3 From Mich. Arrested In Multi-State Drug Ring Bust
INDIANAPOLIS (WWJ/AP) - A pair of brothers and 18 other people from Indiana, Michigan and Ohio have been indicted on charges they ran a major operation that smuggled cocaine and methamphetamine from Mexico for sale in the Fort Wayne, Ind., region, federal prosecutors said Friday.
U.S. Attorney David Capp announced the indictments on drug- and gun-related charges at a news conference in Fort Wayne. Most of those charged were residents of Fort Wayne and smaller communities in northeastern Indiana. Three were from Sturgis, Mich. and one was from Van Wert, Ohio. Eighteen of the 20 were arrested in a series of FBI raids Thursday, and two remained at large.
Reports identify the suspects from Sturgis as 36-year-old Gelacio Martinez, 20-year-old Juan Pena and 35-year-old John Bennett. Martinez and Pena are charged with crimes involving cocaine, while Bennett is charged with crimes involving methamphetamine.

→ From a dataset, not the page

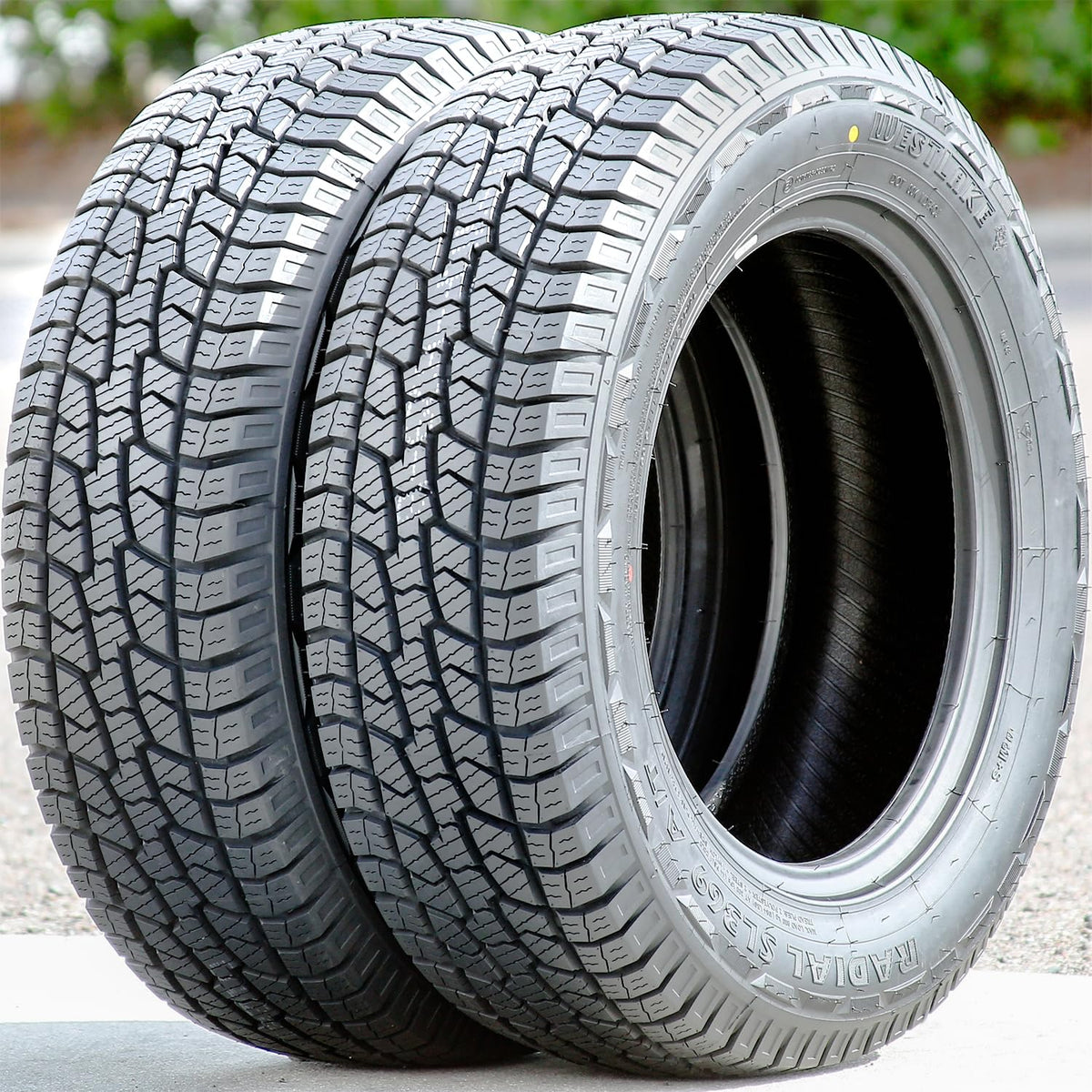 275/60R20 Tires R40801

The operation was masterminded by 43-year-old Manuel Herrera and his brother 41-year-old Armando Herrera-Velasquez, both of Fort Wayne, Capp said.
Capp said in a phone interview with The Associated Press that the Herrera brothers used their connections in Mexico and Chicago to arrange for the drugs, principally powder cocaine, to be shipped from Mexico and Chicago and then brought back to the Fort Wayne area, where others helped them to divide it up and repackage it for sale.
Capp said the drugs were imported in measures of kilograms but he declined to discuss the street value of the drugs. As an example, Capp said one of the suspects was stopped in Marshall County in February and investigators found $100,000 in a secret compartment in his car. He did not say whether the drugs were transported in the same way.
Manuel Herrera was arrested Thursday in Las Vegas, but his brother remains at large and is believed to be in Mexico, Capp said. He said U.S. authorities were working with authorities in Mexico to capture him.
Capp did not disclose details of the investigation that began in March 2011, but a statement said wiretaps were used.